— What this task involves —
Restate the data exactly, with nothing altered.

— Dataset excerpt —
● ● ● ● ● ● ●

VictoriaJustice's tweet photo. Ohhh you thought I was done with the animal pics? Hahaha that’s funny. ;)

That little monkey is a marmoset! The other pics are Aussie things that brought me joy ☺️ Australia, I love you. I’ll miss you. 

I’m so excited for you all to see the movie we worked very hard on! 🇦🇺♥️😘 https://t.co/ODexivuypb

● ● ● ● ● ● ●

— Solution below —
VictoriaJustice's tweet photo. Ohhh you thought I was done with the animal pics? Hahaha that’s funny. ;)

That little monkey is a marmoset! The other pics are Aussie things that brought me joy ☺️ Australia, I love you. I’ll miss you. 

I’m so excited for you all to see the movie we worked very hard on! 🇦🇺♥️😘 https://t.co/ODexivuypb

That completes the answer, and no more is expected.